Developing qualifications: how can we involve small businesses?

Anthony Haynes writes: At this week’s Federation of Awarding Bodies (FAB) national conference, a major theme was the role of employers as stakeholders in the development of vocational qualifications.

There was widespread agreement on the point that employers need to understand and value qualifications (more so than is currently the case).  Agreement was also widespread (though perhaps less universal) that to achieve this employers need to be involved more in the development process. This was one of the main arguments in the keynote speech from Tony Lau-Walker (Eastleigh College and UKCES).

But several questions remain. How can employers be engaged to do this? What kinds and what degree, of involvement is desirable?

Small businesses

In another keynote, John Mann of the Federation of Small Businesses (FSB) focused this debate on the role of small businesses. We have millions of small businesses in the UK. Collectively they form a major source of employment. But there are real barriers to engaging them in the development of qualifications.

Typically, small business owners are, for obvious reasons, focused on day-to-day operations — making sales, fulfilling sales, keeping accounts, meeting regulation requirements, and so on. Attending qualifications development meetings is always likely to come very low on the agenda — or, indeed, fail to get on the agenda at all.

Micro businesses

A caveat here.
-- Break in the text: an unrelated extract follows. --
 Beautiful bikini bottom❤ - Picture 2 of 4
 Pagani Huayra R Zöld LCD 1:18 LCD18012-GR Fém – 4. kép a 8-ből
I sympathise strongly with Mann’s drawing attention to the barriers to small businesses engagement: but I wonder whether such engagement is made harder by the vocabulary generally used? ‘Small business’ is the policy-makers’ default term — but the term is often applied to businesses with scores or even hundreds of employees (particularly when rolled into the term ‘SME’, i.e. small and medium-sized business).

Such businesses may look small from the outside, especially when viewed from the commanding heights of Whitehall or the multinational corporate sector. Yet from the inside they feel very different from businesses that employ a handful of people. Yet the latter also constitute a major source of employment.

The danger is that simply aiming to involve ‘small businesses’ may still leave micro businesses out in the cold.

An unanswered question

So the question I took from the conference was: if the aim is to increase employers’ understanding of and trust in the qualifications system by involving them more in the development process, how can we overcome the barriers to small business engagement — and, still more, to micro businesses engagement?